You won't be able to input non-ascii characters like 言葉 in powershell, until you change the font to "MS Gothic". Instructions here.
Detailed help can be found by running wordtree.py --help
In the meantime, here are some common ways to use it:
Manual mode
- You can input individual words by just running
wordtree.py
in the terminal - It will attempt to autocorrect words missing diacritics. For example, it will convert organico to orgánico or tamano to tamaño.
Inputing a list of words from a file
Usage: wordtree.py your_word_list.txt
Word lists can be in csv format, text or the "My Clippings.txt" from Kindle E-reader. The easiest way to do this is just a simple text file with one word per line.

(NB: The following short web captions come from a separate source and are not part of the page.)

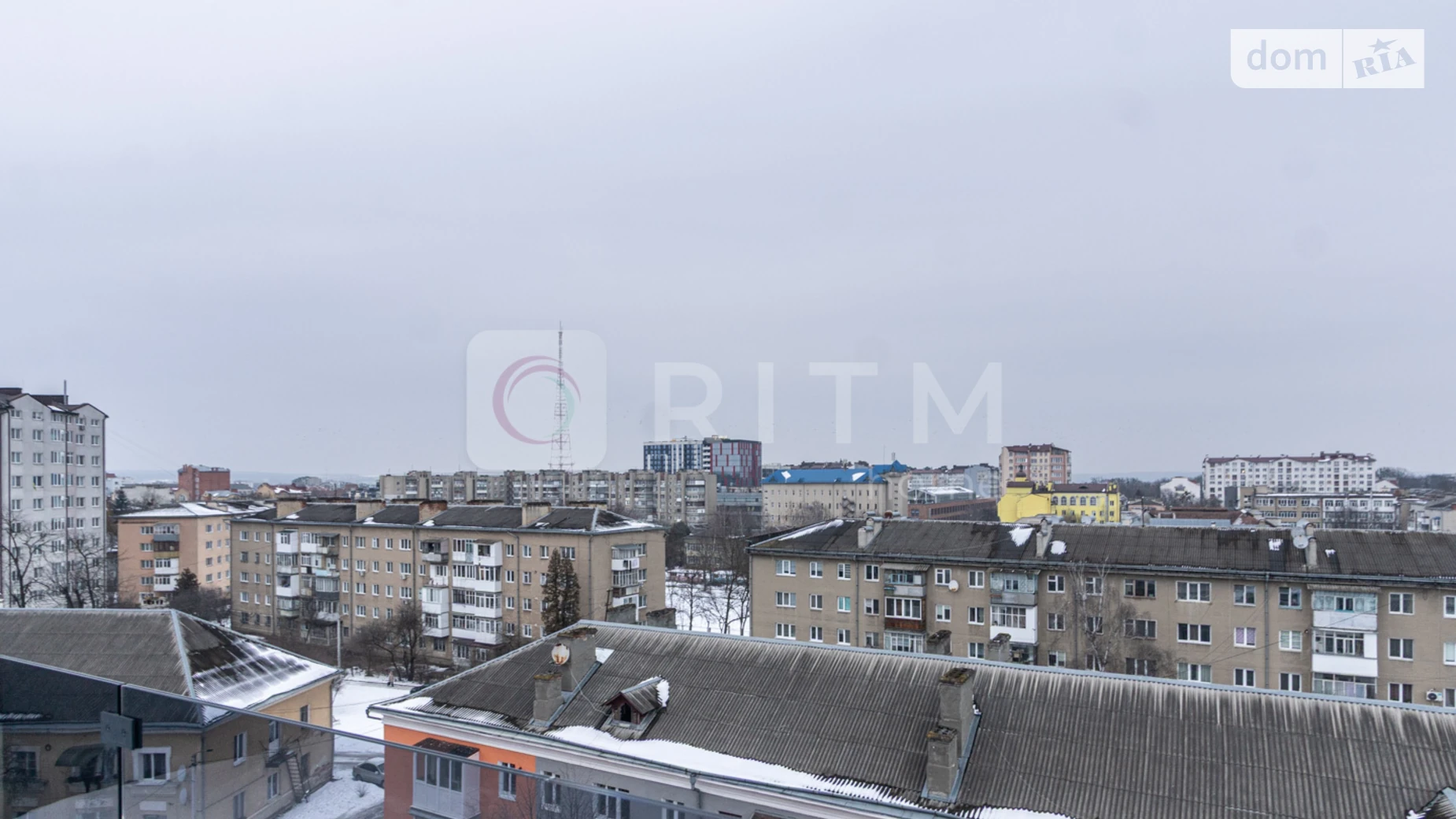 Продається 3-кімнатна квартира 112.4 кв. м у Івано-Франківську, вул. Слави Стецько - фото 5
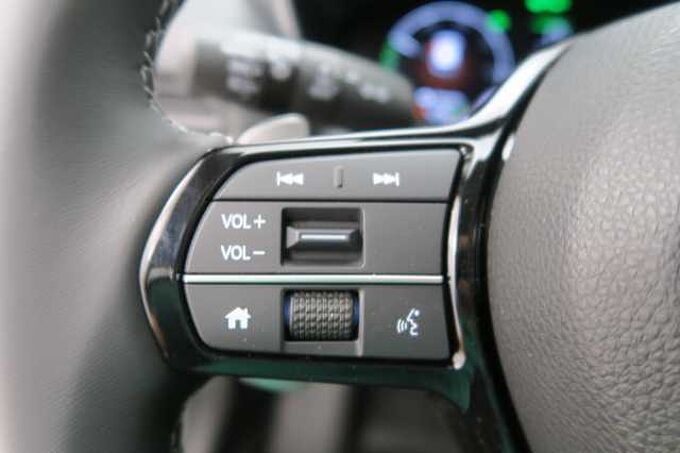 Honda  Zr-v ELEGANCE 2.0I-MMD 184CV CVT 5P.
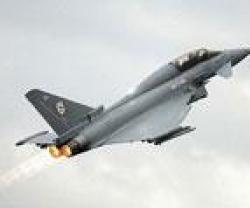 UAE Show Interest in Eurofighter Typhoon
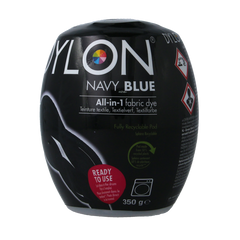 Dylon Pod navy blue 350 Gram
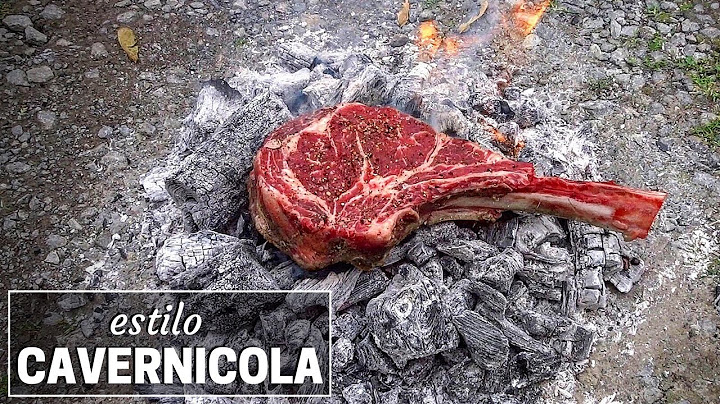 Carne Asada estilo Cavernícola | La Capital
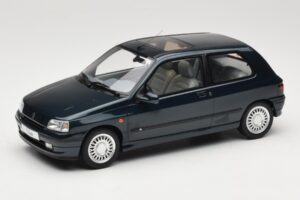 Renault Clio Baccara 1.8 Abyss Green Otto 1:18 OT1157 Vaik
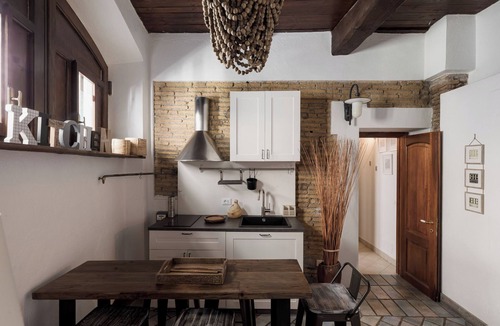Rione VII Regola Apartment | CAMPO DEI FIORI NEST APARTMENT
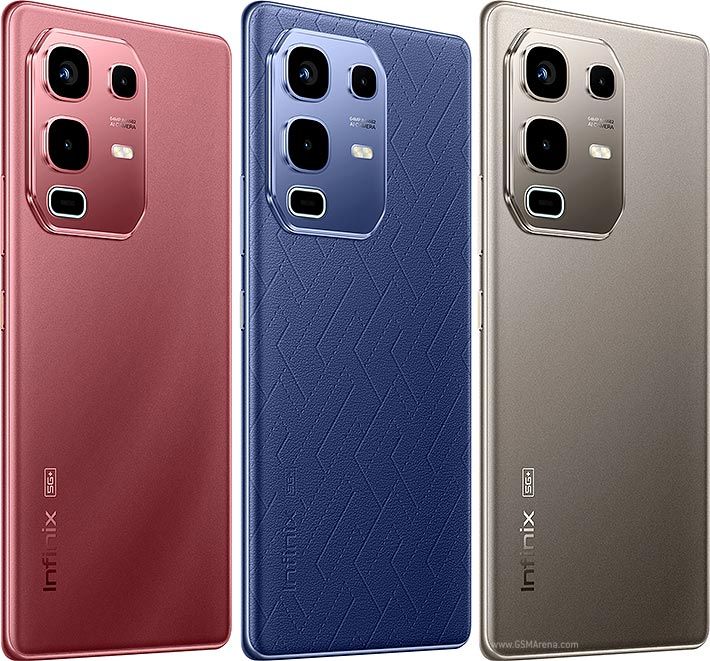 Infinix Note 50s 5G 256GB+16GB RAM (8+8GB EXTENDED) 6.78" 144Hz Amoled Dual SIM Phone 64MP Camera 5200mAh Battery 45W Charging MediaTek Dimensity 7300 Ultimate Smart Phones Smartphone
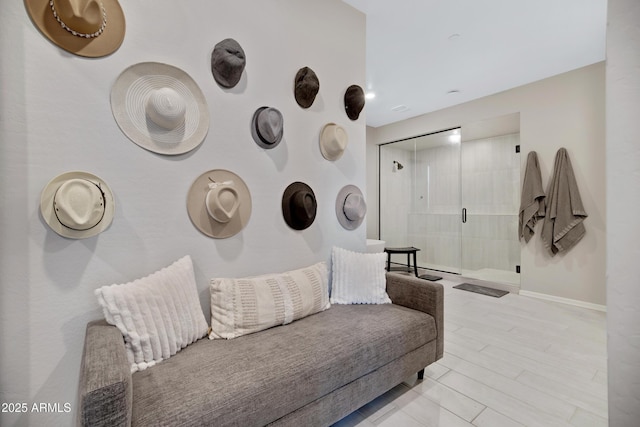 226 E Markwood Dr, Chandler, AZ 85286 - living room featuring baseboards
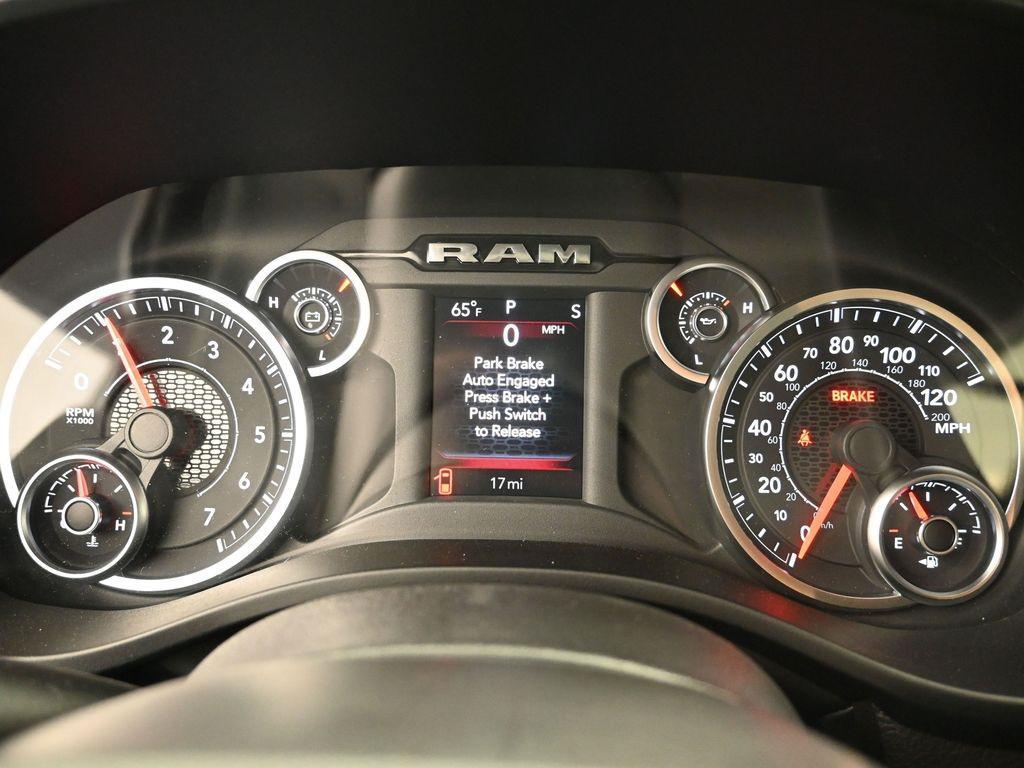 new 2026 Ram 1500 car, priced at $54,965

- Words cannot contain spaces.
- I have not tested any other Kindle's format besides my own. Let me know if it works or not for you and what version of Kindle you have.
Comparing words with anki
Usage: --anki
will attempt to automatically guess the location of your .anki2 file assuming your user profile is 'User 1' - You can also type the location in manually with --anki (database location)
This will check to see if the words exist in your anki database, and prints matching cards. This is a read only copy of the database and will not change anything. (Sqlite3: mode=ro)

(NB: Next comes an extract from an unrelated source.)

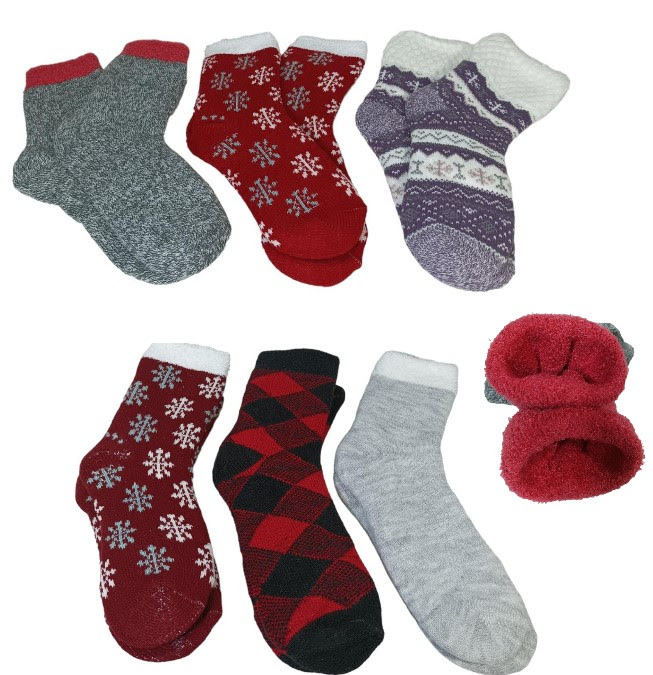 PANTUMEDIA ABRIGADA INVIERNO DAMA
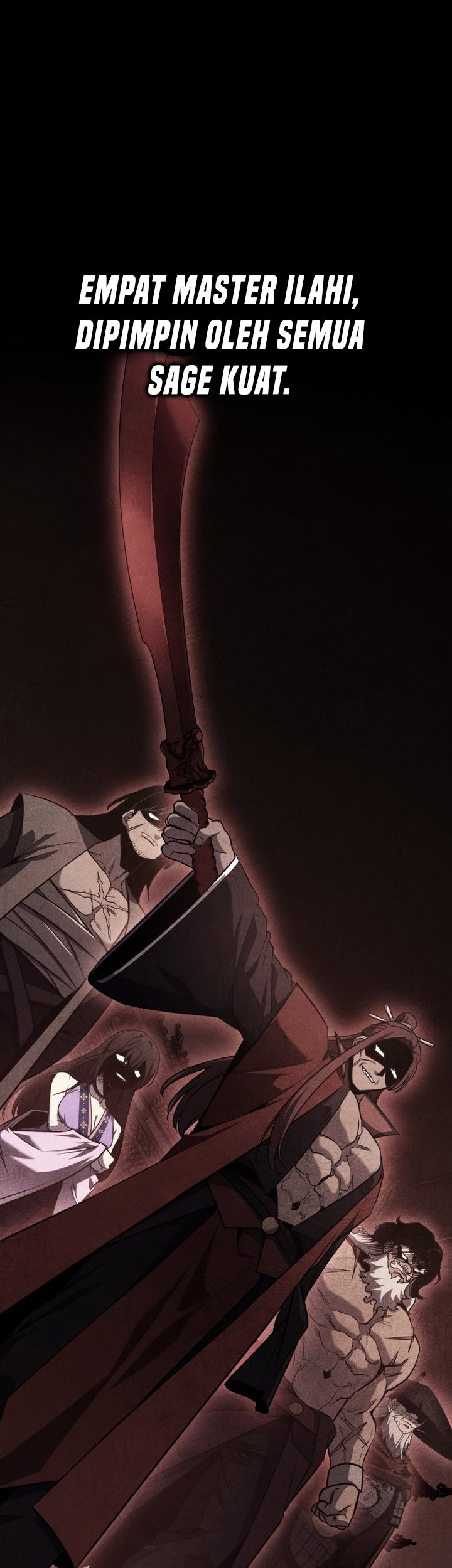 I Reincarnated As The Crazed Heir Chapter 141 Gambar 89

I find this useful to make sure I don't try to add the same card twice. If the database is busy (because you are using the anki app), it will switch to reading a cached version (if available). Closing anki should solve this problem and give you the most up-to-date copy of your cards.

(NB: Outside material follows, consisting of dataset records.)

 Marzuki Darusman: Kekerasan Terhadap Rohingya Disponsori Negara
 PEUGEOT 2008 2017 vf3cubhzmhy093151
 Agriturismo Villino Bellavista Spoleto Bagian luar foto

Here are the locations of the anki databases.
- Windows: %APPDATA%\Anki2
- MacOS: ~/Library/Application Support/Anki2
- Linux: ~/.local/share/Anki2
You can also select all of the notes in Anki and Right-click->Notes->Export Notes
. Check the box to support older versions. Save as a .apkg file and open that instead with --anki (your location).apkg
Compare words against a book
Usage: --book bookname.txt
Optionally, you can compare the frequency of words against a book.
- This must be a .txt file, not a .mobi, .pdf or any kind of e-reader format.
- It will automatically strip punctuation from any words found. For example, if a word ends in a comma, "quotation mark" or period.
Star words
Usage: --nostars
Sometimes words have multiple meanings. For example "privado" means private, not just the past participle of "privar", so it’s fpm is way too high.
By eliminating the star words, I have it reporting privar at a total of 5 fpm vs 88 with all the star words.
In this example, privado has 3 stars meaning that it's fpm is much too high to be included in the total fpm for privar. The more stars, the more ridiculous the discrepancy.
More features
Control how the output is sorted, set minimum and maximum fpms, output to csv and more.
See additional help by running wordtree.py --help
Known bugs
Arabic columns are displayed backwards? It seems to work, but I need an Arabic speaker/learner to confirm that this output makes sense. Same goes for all other less common languages. I've tested the output in English and Spanish, but I'd appreciate it if other language speakers could tell me if the program works for their language of choice.
Exceptions to the gender rules
gender.py searches the Wiktionary database for nouns that don't follow the expected gender rules of a language. For example, La mano ends in an o
, but is a feminine noun. You can specify any noun suffix for any language.
The program will try each suffix in turn so it will try ión
= female, before trying n
= male, because ión
is listed in the second position of d-ión-z-a while n
is in the third position of l-o-n-e-r-s.
Use gender.py --help
for more information.
Frequency List
The default subtitle frequency lists are from the OpenSubtitle project: https://opus.nlpl.eu/OpenSubtitles/corpus/version/OpenSubtitles
Tokenization was done here: https://github.com/hermitdave/FrequencyWords
It's authorized under the CC-by-sa-4.0
license. I have compressed the 2018 files and removed words with less than 3 hits in the corpus to save space and improve loading times.
The Wikipedia word frequency lists are from this github project: https://github.com/IlyaSemenov/wikipedia-word-frequency
It's authorized under the MIT license
. I have cut short every file that has more than a million lines to save space and improve loading times.